Many storage vendors are adding cloud gateways to their storage systems. These gateways enable the storage administrator to create rules-based data migration from internal storage in the data center to lower-cost, hard-disk-based storage, and eventually to even lower cost cloud storage. The cloud can be used for cold storage or backups, both of which use inexpensive media.

How hybrid storage arrays are sold

The typical model is a single appliance, which can be a small box with a controller and up to 24 drives, or a separate controller box with two or more controllers, plus multiple shelves filled with drives. These systems can be expanded with additional controller-plus-drive appliances, or in the more modular systems with additional controllers, shelves of drives or both.

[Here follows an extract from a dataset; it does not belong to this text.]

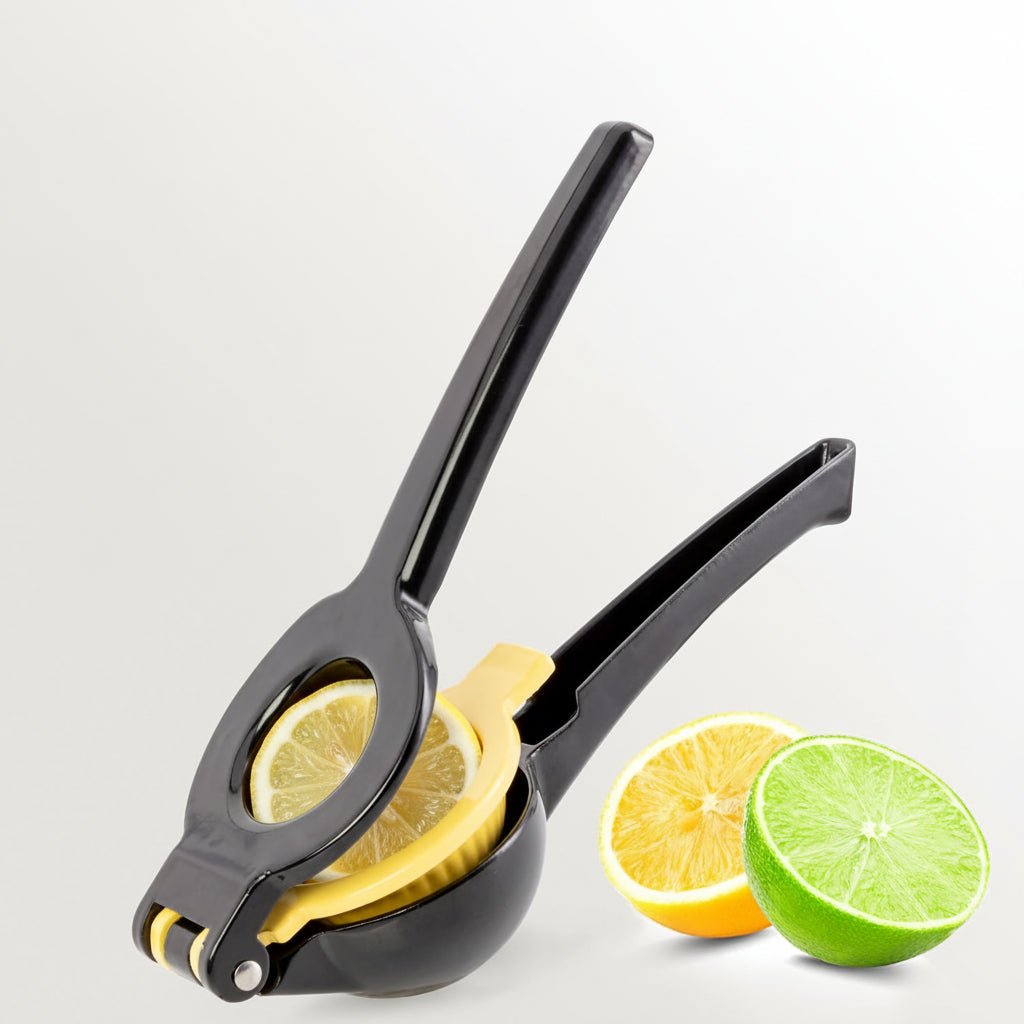 Effortless Citrus Juicer for Quick Fresh Juice Extraction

Enterprise-grade systems might have as many as 16 pairs of controllers, each with multiple shelves of 24 or more drives attached.

But it is possible to save substantial amounts of upfront hardware costs by using a software-only product, such as DataCore's SANsymphony, with existing storage attached to servers, in appliances or in various SAN storage systems. System set up and maintenance require considerably more expertise than a single-vendor SAN system, but if there are large amounts of pre-existing storage, it can amount to considerable cost savings. Some systems allow the user to buy a system for a relatively low price, with only a small number of disks activated, and to add more capacity as needed.

The major market shareholders -- including Dell EMC, Hewlett Packard Enterprise, IBM, Hitachi and NetApp -- have broad and deep lines of products that can provide anywhere from a few terabytes of storage, suitable for a remote or branch office, to a huge, data-center-grade system that can handle tens of thousands of users and millions of transactions per second. Smaller vendors, such as Infinidat, Tintri and Tegile, which was recently acquired by Western Digital, have fewer models and a more narrow focus on the types of customers they attract.